Decisions on institutional reorganizations are necessarily political, in addition to whatever technocratic impetus might drive them. A service’s creation reveals the political priorities of Congress and the president, especially as it incurs substantial costs and substantial risk. But the creation of a service is rarely political in the sense that it stems largely from an interest in generating a talking point that a president can use at political rallies. Although the Space Force has some roots in theories of bureaucratic behavior, as well as considerable support from some actors within the defense community, it seems to have caught the president’s attention through his belief in its public appeal.72

This leaves analysts in an unusual situation, insofar as we have relatively little information with which to generate good expectations about whether the Space Force will perform its mission effectively, how it will get along with other services, or how it will affect the international environment. We have only a vague sense of the answers to many of the questions that will determine the success of the Space Force as an institution. We have reason to suspect that the Space Force will negatively affect multilateral arms limitation negotiations; we do not know how well the Space Force will be on traditional metrics of military effectiveness; we can guess that the presence of a Space Force officer on the Joint Chiefs will increase the prominence of space considerations in the National Military Strategy; and we have some reason to expect that the Space Force will increase demands on the military budget. This very uncertainty is an indictment of the decision to create the Space Force now. The Air Force, for better or worse, had answers to all these questions at its birth. As it now exists, the Space Force appears to a be a kludge designed to protect the political aspirations of the president while not encroaching too much on the institutional prerogatives of the Air Force.

Provisionally, many aspects of the Space Force seem problematic. Space is, if anything, a more intractable domain than air in terms of interservice conflict in that space assets are the sinews of the day‐​to‐​day activities of the services on land, at sea, in the air, and in cyberspace. The inclusion of the Space Force within the Department of the Air Force raises questions about how independent the Space Force will really be, and thus whether it will realize any of the promised gains. Finally, the lurking problem of the development of an independent space doctrine, which has in some historical cases resolved in favor of doctrines that favor independent, offensive operations, remains a long‐​term concern insofar as it would threaten to endanger peaceful use of the “space commons.”
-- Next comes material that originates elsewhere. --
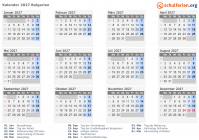 Kalender 2027 mit Ferien und Feiertagen Bulgarien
Space Force’s establishment as an independent service is premature. Even for an institutional system in which services have domain‐​specific responsibilities (rather than a system that asks services to think holistically about how to accomplish missions across multiple domains), the Space Force is immature. Creating the Space Force at this point does not necessarily create the conditions under which the service can mature in a healthy fashion. Rather, it introduces the Space Force into a political arena where it lacks the resources and the political heft to effectively establish its prerogatives among the other services. In effect, it is a service in name only; in reality, it remains Air Force Space Command, and there is little in its birth that suggests it will grow beyond this any time soon.